- _Task objective_: When you restate the entries that follow, keep every word exactly and drop the pictures.

Pictures with short captions

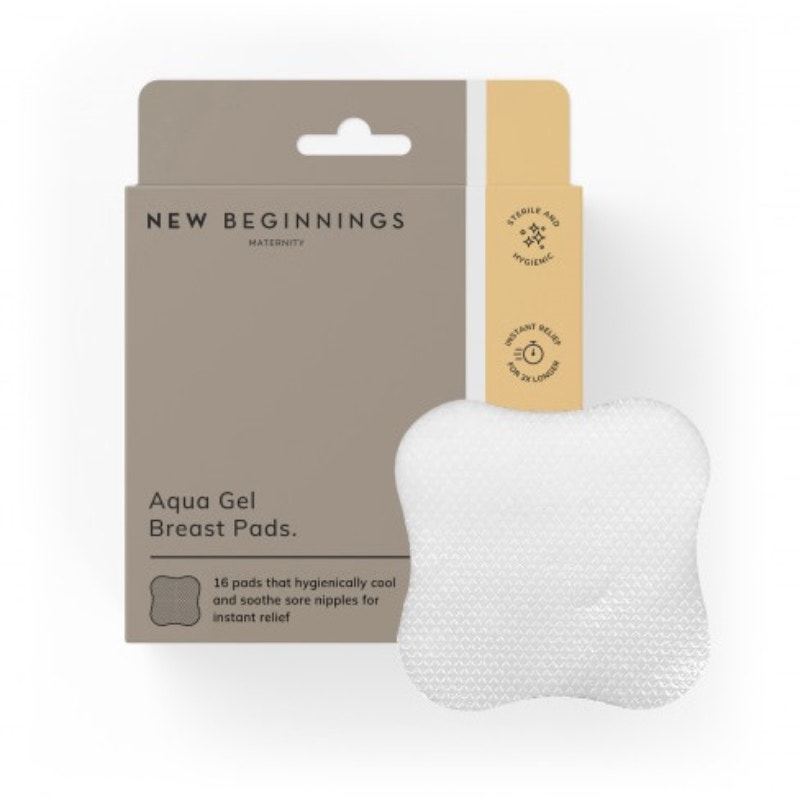 New Beginnings Aqua Gel Breast Pads X 16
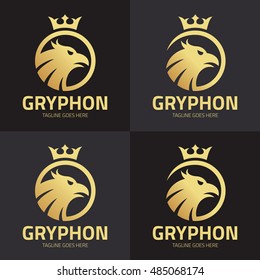 griffin logo design template ,Griffin logo set ,Vector ilustration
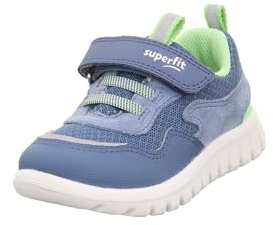 Superfit SPORT7 Mini Sneaker, BLAU/HELLGRÜN 8000, 32 EU
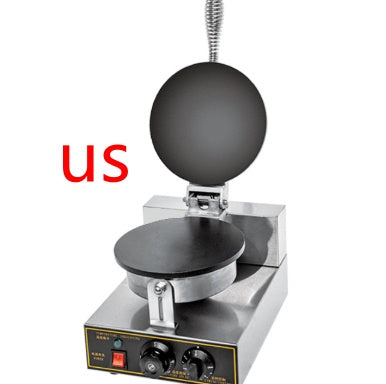 Single-head round electric flat commercial egg roll machine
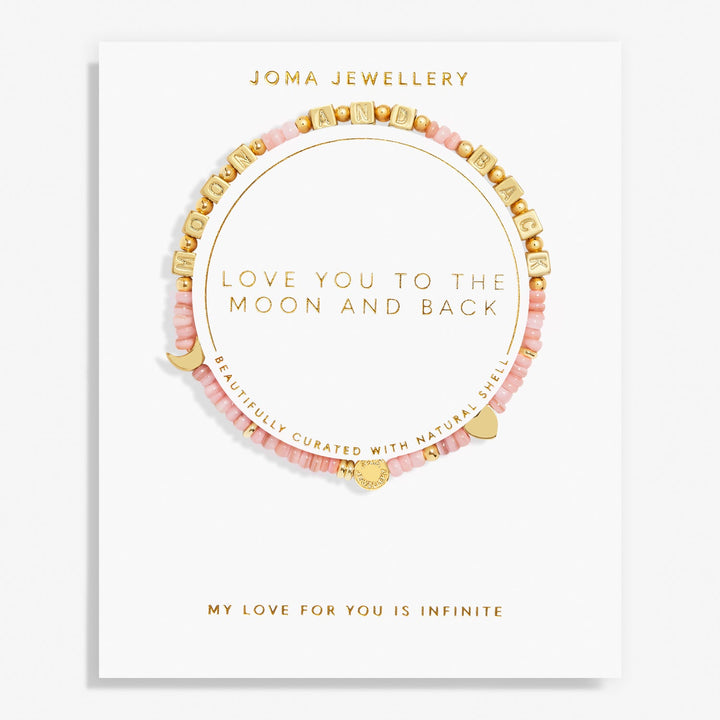 Happy Little Moments Love You To The Moon Back Gold Plated Bracelet 7531Joma Jewellery7531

- _Reply_:
 New Beginnings Aqua Gel Breast Pads X 16
 griffin logo design template ,Griffin logo set ,Vector ilustration
 Superfit SPORT7 Mini Sneaker, BLAU/HELLGRÜN 8000, 32 EU
 Single-head round electric flat commercial egg roll machine
 Happy Little Moments Love You To The Moon Back Gold Plated Bracelet 7531Joma Jewellery7531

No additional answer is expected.